L'appel à la grève des cheminots ce jeudi 13 juin contre le projet de réforme ferroviaire devrait être largement suivi. En réalité, deux sujets préoccupent cette catégorie de personnel. La réforme des retraites et la perte de leurs avantages qui pourrait intervenir en cas de dégradation de la situation de la SNCF sous l'effet de la concurrence.
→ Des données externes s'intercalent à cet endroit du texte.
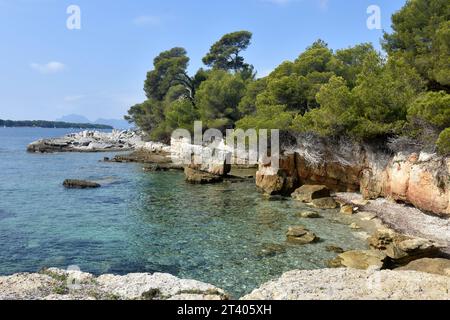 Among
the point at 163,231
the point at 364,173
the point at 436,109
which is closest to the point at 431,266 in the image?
the point at 436,109

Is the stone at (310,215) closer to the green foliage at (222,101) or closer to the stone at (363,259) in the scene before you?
the stone at (363,259)

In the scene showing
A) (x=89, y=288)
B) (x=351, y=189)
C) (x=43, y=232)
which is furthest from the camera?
(x=351, y=189)

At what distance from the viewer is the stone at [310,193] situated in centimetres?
2633

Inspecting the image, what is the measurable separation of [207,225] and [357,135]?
1228 cm

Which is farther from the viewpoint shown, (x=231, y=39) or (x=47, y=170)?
(x=231, y=39)

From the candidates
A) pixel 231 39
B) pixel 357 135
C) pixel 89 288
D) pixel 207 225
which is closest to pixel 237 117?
pixel 231 39

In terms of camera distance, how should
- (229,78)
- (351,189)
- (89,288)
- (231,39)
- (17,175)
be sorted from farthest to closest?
(231,39)
(229,78)
(17,175)
(351,189)
(89,288)

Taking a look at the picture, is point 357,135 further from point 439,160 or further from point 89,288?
point 89,288

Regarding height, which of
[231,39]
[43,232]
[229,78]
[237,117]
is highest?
[231,39]

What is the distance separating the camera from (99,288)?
35.3 feet

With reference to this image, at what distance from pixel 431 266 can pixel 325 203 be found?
462 inches

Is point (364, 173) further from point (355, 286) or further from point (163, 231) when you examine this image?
point (355, 286)

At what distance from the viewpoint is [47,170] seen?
43.9m

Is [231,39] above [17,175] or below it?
above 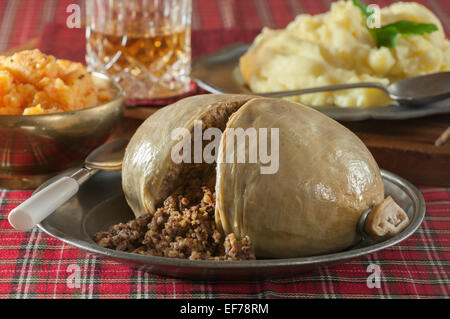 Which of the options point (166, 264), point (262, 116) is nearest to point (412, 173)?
point (262, 116)

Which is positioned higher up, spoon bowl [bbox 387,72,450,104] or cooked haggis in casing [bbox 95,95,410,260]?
cooked haggis in casing [bbox 95,95,410,260]

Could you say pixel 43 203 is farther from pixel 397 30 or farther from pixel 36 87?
pixel 397 30

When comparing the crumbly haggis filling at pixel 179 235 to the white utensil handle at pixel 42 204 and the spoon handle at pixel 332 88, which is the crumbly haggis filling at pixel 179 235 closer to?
the white utensil handle at pixel 42 204

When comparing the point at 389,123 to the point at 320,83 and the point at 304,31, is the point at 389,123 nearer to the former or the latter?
the point at 320,83

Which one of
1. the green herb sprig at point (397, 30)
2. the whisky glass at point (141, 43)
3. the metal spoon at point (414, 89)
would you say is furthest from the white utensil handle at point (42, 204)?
the green herb sprig at point (397, 30)

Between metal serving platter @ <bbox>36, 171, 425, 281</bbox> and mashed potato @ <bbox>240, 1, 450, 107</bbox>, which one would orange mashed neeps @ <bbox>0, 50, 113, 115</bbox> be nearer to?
metal serving platter @ <bbox>36, 171, 425, 281</bbox>

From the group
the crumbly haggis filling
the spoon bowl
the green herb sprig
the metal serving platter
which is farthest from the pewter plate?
the crumbly haggis filling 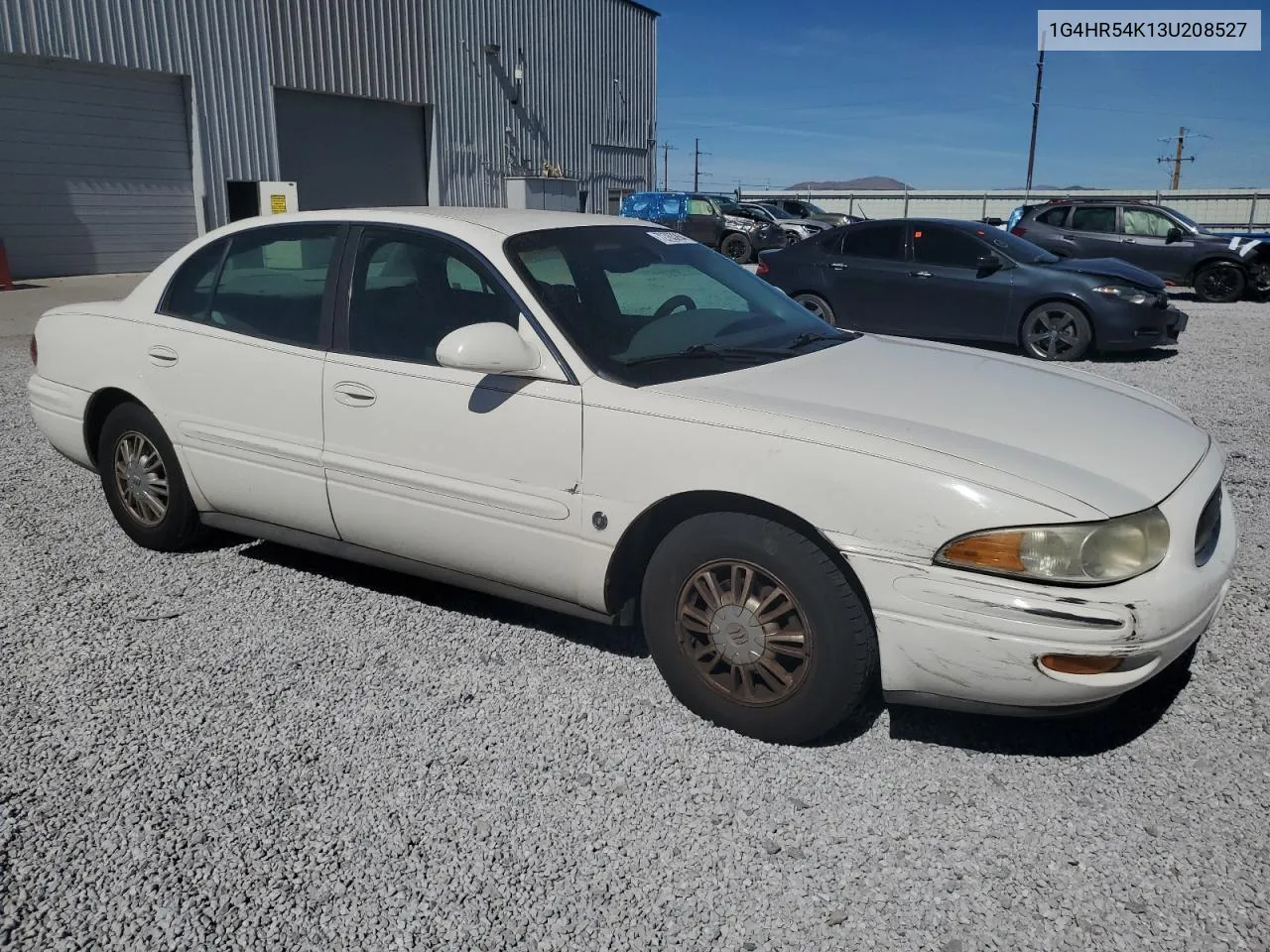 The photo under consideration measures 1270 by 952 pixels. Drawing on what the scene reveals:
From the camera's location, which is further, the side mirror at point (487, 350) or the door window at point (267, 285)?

La grève des cheminots jeudi 13 juin contre le projet de réforme ferroviaire devrait être très suivie. Plus que l'endettement croissant du système ferroviaire qui s'élève à 40 milliards d'euros, ou les conséquences de la création d'un gestionnaire unique d'infrastructures, les principales craintes sont ailleurs. Elles sont plus terre-à-terre. Elles touchent au quotidien des cheminots. Il y a deux sujets qui se télescopent. Le premier n'a rien à voir avec la réforme ferroviaire. Il s'agit de la réforme des retraites . « Les cheminots sont perturbés qu'on puisse leur demander de travailler plus longtemps ou qu'on ne calcule plus les pensions sur les six derniers mois mais sur les dix dernières années », explique une source proche des syndicats, préférant conserver l'anonymat. Le second sujet d'inquiétude concerne l'avenir des conditions de travail. Les cheminots craignent que l'évolution du ferroviaire français et de la SNCF ne conduise à la perte de leurs avantages. « Pour eux, l'ennemi numéro un, c'est la concurrence », explique la même source. Avec l'ouverture à la concurrence (à partir de 2019, ndlr), ils craignent, comme cela a été le cas pour le fret, une dégradation de la situation de la SNCF, et que celle-ci ne puisse pas préserver leur situation.  C'est la principale motivation des cheminots», précise-elle.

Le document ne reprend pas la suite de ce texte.